**WHAT IS BEING ASKED:** All lines from the one containing "comfy-patch-wide-fit-sweatpants-cd404 / Brown" down to the one containing "Mueller Retro Toaster", both ends included, are to be given again exactly; omit the rest of the listing below.

#####

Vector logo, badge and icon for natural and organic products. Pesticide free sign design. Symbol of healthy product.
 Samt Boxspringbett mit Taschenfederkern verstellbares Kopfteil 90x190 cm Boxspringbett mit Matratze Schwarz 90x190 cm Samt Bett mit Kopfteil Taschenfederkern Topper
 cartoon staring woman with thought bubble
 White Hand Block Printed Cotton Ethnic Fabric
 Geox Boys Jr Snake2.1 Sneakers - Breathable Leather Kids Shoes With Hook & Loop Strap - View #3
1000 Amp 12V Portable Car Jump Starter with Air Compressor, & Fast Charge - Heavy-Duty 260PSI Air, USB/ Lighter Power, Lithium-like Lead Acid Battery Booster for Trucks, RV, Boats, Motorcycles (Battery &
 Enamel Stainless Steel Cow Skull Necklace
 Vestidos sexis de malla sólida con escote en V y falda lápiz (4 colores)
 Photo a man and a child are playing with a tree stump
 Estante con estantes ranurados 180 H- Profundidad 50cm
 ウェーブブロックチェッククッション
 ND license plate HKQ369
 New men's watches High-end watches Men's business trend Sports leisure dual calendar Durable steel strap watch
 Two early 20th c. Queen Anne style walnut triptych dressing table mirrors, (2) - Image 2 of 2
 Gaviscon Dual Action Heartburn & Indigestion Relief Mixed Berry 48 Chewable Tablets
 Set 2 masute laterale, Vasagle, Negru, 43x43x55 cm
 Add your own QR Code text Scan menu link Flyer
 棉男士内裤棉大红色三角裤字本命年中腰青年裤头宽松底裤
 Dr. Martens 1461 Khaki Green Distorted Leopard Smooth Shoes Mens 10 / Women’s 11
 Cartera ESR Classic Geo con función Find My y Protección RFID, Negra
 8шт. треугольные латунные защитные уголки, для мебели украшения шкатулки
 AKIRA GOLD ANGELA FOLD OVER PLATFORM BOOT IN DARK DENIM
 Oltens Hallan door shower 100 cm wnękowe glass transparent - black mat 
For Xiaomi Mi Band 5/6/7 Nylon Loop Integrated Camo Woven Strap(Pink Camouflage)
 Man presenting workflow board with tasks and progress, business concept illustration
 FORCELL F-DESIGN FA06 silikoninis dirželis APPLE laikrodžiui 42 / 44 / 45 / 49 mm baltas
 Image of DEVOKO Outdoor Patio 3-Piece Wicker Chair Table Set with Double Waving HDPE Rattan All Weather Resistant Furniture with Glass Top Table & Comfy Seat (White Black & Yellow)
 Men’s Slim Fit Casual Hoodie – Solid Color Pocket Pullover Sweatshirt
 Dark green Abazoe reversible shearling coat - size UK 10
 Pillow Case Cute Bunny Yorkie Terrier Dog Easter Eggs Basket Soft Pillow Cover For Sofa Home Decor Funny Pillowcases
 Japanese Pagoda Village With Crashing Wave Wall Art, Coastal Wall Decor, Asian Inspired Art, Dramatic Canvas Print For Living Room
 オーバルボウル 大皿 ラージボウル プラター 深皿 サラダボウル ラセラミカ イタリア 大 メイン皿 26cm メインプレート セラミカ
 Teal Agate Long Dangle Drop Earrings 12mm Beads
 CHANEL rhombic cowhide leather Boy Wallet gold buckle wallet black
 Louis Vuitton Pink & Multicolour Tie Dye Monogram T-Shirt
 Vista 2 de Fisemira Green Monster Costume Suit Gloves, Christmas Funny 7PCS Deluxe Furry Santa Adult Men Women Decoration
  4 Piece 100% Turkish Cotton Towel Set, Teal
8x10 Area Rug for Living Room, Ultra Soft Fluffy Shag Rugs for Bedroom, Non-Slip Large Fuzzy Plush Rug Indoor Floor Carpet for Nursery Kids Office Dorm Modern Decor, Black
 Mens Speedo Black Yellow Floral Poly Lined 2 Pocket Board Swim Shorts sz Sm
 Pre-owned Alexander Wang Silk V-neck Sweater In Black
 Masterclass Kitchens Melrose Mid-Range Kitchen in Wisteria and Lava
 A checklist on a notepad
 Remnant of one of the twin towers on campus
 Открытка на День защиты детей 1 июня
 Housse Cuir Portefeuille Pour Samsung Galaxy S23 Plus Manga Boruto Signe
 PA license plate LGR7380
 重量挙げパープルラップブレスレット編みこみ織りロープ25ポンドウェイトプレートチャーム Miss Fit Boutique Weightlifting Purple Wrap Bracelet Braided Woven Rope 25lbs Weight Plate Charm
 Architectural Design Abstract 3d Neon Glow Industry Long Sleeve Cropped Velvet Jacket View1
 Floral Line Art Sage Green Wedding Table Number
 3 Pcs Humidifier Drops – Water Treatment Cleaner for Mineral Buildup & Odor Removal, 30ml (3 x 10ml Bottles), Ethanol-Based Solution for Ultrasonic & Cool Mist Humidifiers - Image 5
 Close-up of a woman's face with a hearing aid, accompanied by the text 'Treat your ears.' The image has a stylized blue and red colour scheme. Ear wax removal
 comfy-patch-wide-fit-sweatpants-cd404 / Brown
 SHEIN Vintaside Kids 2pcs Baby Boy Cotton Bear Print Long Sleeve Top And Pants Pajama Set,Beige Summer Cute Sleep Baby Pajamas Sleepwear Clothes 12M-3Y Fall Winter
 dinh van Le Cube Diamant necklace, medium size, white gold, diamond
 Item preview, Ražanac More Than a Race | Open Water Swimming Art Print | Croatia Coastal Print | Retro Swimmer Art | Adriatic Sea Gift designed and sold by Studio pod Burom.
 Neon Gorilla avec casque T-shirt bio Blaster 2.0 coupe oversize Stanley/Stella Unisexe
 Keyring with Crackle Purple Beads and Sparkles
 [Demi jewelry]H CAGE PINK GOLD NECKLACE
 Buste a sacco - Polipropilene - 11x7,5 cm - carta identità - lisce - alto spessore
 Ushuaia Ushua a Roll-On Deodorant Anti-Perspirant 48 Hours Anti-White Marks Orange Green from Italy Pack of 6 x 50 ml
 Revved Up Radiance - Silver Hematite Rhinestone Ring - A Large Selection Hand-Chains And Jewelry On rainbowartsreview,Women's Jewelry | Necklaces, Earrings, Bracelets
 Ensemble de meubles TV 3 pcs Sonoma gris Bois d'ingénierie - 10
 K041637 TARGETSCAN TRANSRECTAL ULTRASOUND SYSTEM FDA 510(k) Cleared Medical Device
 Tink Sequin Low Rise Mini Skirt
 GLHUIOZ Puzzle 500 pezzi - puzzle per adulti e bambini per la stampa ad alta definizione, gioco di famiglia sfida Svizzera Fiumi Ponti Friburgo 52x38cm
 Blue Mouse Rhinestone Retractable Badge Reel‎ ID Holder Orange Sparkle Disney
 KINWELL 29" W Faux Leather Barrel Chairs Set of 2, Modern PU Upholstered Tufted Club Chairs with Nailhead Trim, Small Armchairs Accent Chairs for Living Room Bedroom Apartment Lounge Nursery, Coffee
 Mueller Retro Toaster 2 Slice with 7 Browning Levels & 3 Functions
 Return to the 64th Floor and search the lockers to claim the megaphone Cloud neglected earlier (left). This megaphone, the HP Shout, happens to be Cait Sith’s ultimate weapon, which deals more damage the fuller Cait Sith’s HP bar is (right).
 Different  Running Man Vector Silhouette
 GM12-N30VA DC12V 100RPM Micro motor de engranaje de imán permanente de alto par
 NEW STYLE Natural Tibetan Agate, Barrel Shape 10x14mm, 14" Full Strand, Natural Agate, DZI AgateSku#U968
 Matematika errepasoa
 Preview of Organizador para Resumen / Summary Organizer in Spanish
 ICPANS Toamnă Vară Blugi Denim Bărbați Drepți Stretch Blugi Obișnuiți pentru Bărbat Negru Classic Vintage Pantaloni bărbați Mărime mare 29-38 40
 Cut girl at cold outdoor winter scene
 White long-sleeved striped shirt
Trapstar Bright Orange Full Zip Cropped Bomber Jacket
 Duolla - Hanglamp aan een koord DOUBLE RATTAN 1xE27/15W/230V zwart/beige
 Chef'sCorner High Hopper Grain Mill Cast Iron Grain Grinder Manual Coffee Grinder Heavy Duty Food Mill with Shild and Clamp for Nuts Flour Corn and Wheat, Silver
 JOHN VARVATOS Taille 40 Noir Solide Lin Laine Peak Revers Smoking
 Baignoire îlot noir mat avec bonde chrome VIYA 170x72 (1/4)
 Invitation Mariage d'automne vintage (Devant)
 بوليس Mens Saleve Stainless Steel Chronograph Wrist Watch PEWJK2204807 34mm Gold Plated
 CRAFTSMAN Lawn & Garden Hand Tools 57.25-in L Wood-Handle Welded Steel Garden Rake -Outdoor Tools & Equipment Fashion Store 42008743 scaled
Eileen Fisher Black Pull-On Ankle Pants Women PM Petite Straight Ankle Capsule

#####

**RESULT OF THIS TASK:**
 comfy-patch-wide-fit-sweatpants-cd404 / Brown
 SHEIN Vintaside Kids 2pcs Baby Boy Cotton Bear Print Long Sleeve Top And Pants Pajama Set,Beige Summer Cute Sleep Baby Pajamas Sleepwear Clothes 12M-3Y Fall Winter
 dinh van Le Cube Diamant necklace, medium size, white gold, diamond
 Item preview, Ražanac More Than a Race | Open Water Swimming Art Print | Croatia Coastal Print | Retro Swimmer Art | Adriatic Sea Gift designed and sold by Studio pod Burom.
 Neon Gorilla avec casque T-shirt bio Blaster 2.0 coupe oversize Stanley/Stella Unisexe
 Keyring with Crackle Purple Beads and Sparkles
 [Demi jewelry]H CAGE PINK GOLD NECKLACE
 Buste a sacco - Polipropilene - 11x7,5 cm - carta identità - lisce - alto spessore
 Ushuaia Ushua a Roll-On Deodorant Anti-Perspirant 48 Hours Anti-White Marks Orange Green from Italy Pack of 6 x 50 ml
 Revved Up Radiance - Silver Hematite Rhinestone Ring - A Large Selection Hand-Chains And Jewelry On rainbowartsreview,Women's Jewelry | Necklaces, Earrings, Bracelets
 Ensemble de meubles TV 3 pcs Sonoma gris Bois d'ingénierie - 10
 K041637 TARGETSCAN TRANSRECTAL ULTRASOUND SYSTEM FDA 510(k) Cleared Medical Device
 Tink Sequin Low Rise Mini Skirt
 GLHUIOZ Puzzle 500 pezzi - puzzle per adulti e bambini per la stampa ad alta definizione, gioco di famiglia sfida Svizzera Fiumi Ponti Friburgo 52x38cm
 Blue Mouse Rhinestone Retractable Badge Reel‎ ID Holder Orange Sparkle Disney
 KINWELL 29" W Faux Leather Barrel Chairs Set of 2, Modern PU Upholstered Tufted Club Chairs with Nailhead Trim, Small Armchairs Accent Chairs for Living Room Bedroom Apartment Lounge Nursery, Coffee
 Mueller Retro Toaster 2 Slice with 7 Browning Levels & 3 Functions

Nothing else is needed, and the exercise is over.